Como cada aerogeradores tem uma altura de 67 metros, as pás 43 m e o roter 87 metros, pelo menos um deles ocupa o espaço aéreo do prédio dos autores numa distância superior a 20 metros.

Além do mais, o prédio dos autores ficou onerado e diminuído nas suas utilidades, já que nele ficam os autores privados de instalar outro parque eólico, ainda que por cedência ou arrendamento a terceiros.

A primeira ré transferiu para a segunda ré a titularidade da licença do estabelecimento do dito parque eólico.

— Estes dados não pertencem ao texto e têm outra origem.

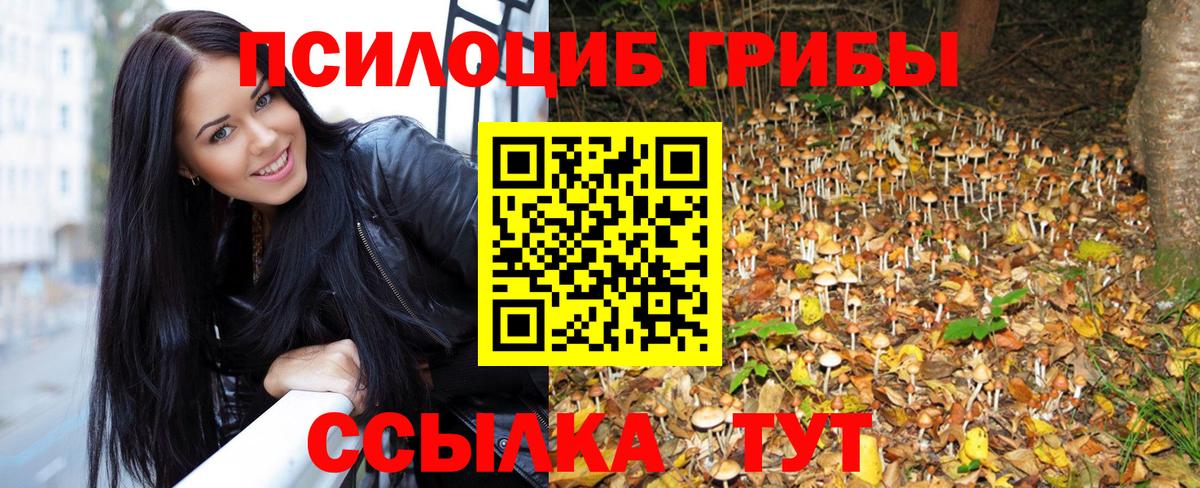 Псилоцибиновые грибы Magic Shrooms Кемерово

Citadas, as rés vieram contestar, defendendo-se por excepção e por impugnação.

A ré ZZ invocou a excepção da sua ilegitimidade passiva, por já não ser a proprietária do parque eólico e afirmou que as pás do gerador n.º 9 nem sempre sobrevoam o prédio dos autores e quando o fazem apenas o atingem numa extensão de 1 a 20 metros, não se verificando uma violação que mereça a tutela do direito.

A ré AAA contestou deduzindo a excepção de ilegitimidade activa dos 2.º a 4.º, 8.º a 10.º, 12.º e 13.º autores, por que não se encontra inscrito, a favor deles, o respectivo direito de propriedade. Por impugnação, invocou, em suma, que as pás do gerador n.º 9 apenas em certas condições sobrevoam o prédio dos autores, pelo que não se verifica uma violação que mereça a tutela do direito. Mais disse que as pás giram a uma altura muito superior a 24 metros de altura não se encontrando o prédio minimamente onerado, pelo que os autores actuam abusivamente.

E, concluem, pugnando para que os sejam absolvidos da instância, por procederem as excepções por si invocadas, ou seja a acção julgada improcedente, com a sua absolvição do pedido.

Replicaram os autores, pugnando pela improcedência das excepções deduzidas.

A ré AAA, S.A., treplicou reafirmando a sua posição quanto à ilegitimidade de alguns autores.

Foi proferido o despacho saneador, que ordenou o desentranhamento da tréplica e julgou improcedentes as excepções – de ilegitimidade passiva da ré ZZ, S.A. e da ilegitimidade activa dos 2.º; 3.º; 4.º; 8.º; 9.º; 10.º; 12.º e 13.º autores – arguidas.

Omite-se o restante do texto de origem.